**SOURCE DATA:**

-- Opening Marker --

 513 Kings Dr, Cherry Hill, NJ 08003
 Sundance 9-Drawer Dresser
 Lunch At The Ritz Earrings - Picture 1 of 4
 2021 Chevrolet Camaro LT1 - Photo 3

-- Closing Marker --
-- Opening Marker --

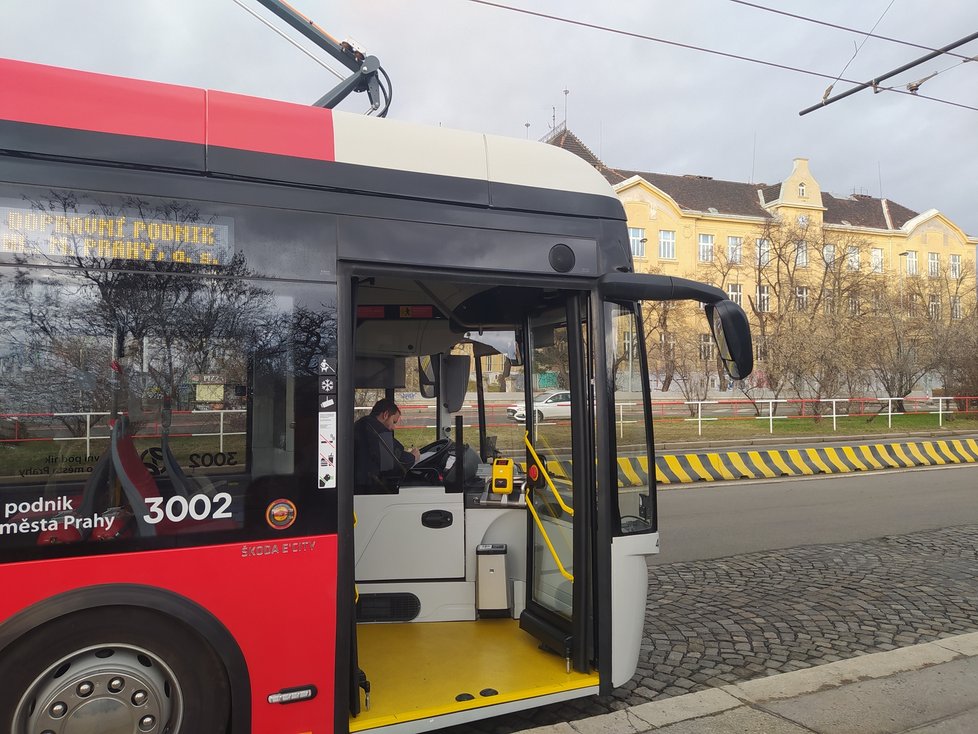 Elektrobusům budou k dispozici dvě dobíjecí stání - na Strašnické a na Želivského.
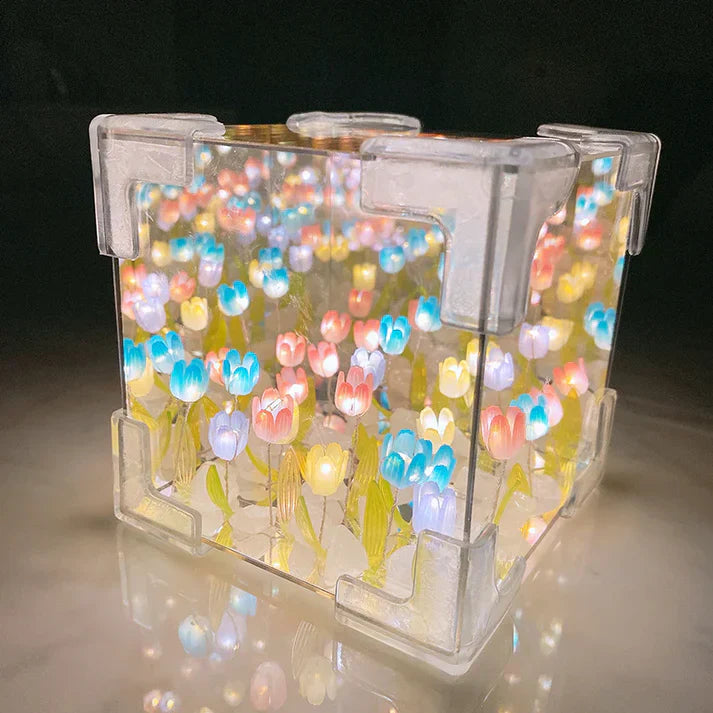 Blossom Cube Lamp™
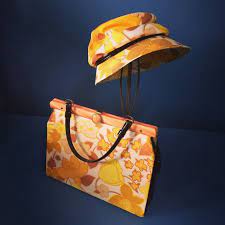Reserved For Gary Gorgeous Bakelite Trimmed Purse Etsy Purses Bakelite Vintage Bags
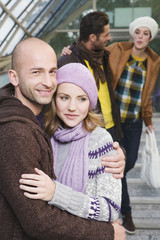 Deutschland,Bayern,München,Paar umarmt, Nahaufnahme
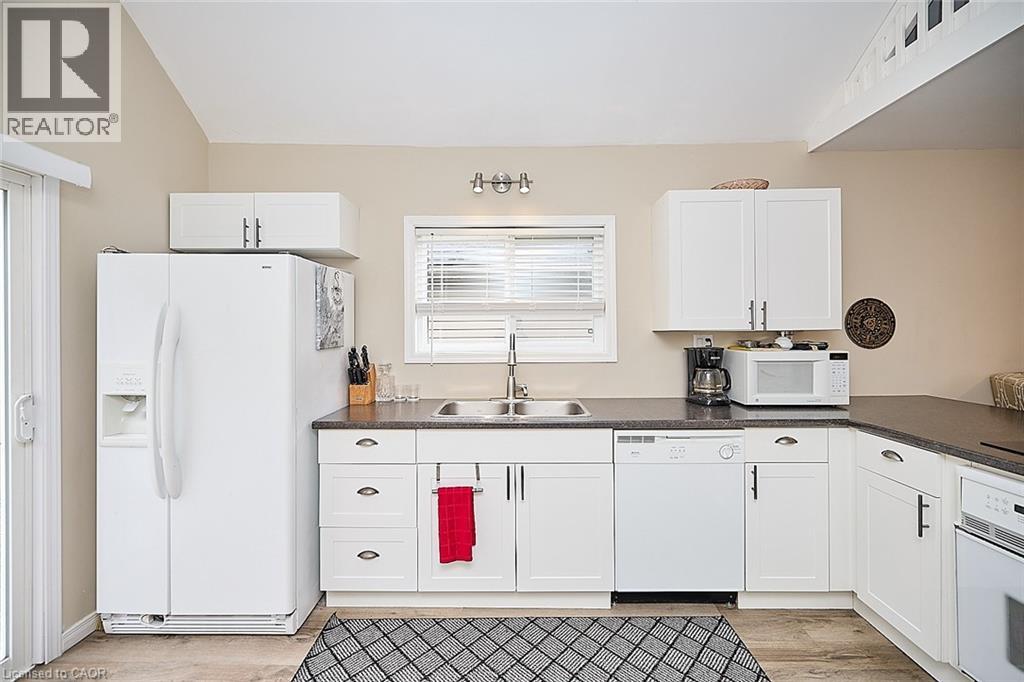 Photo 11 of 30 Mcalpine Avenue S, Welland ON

-- Closing Marker --

**TASK INSTRUCTIONS:** What is needed is an exact copy of only the lines above from the one with "Elektrobusům budou k" to the one with "Photo 11 of 30 Mcalpine Avenue S, Welland ON", both kept, with every picture left out.

**ANSWER SECTION:**
 Elektrobusům budou k dispozici dvě dobíjecí stání - na Strašnické a na Želivského.
 Blossom Cube Lamp™
Reserved For Gary Gorgeous Bakelite Trimmed Purse Etsy Purses Bakelite Vintage Bags
 Deutschland,Bayern,München,Paar umarmt, Nahaufnahme
 Photo 11 of 30 Mcalpine Avenue S, Welland ON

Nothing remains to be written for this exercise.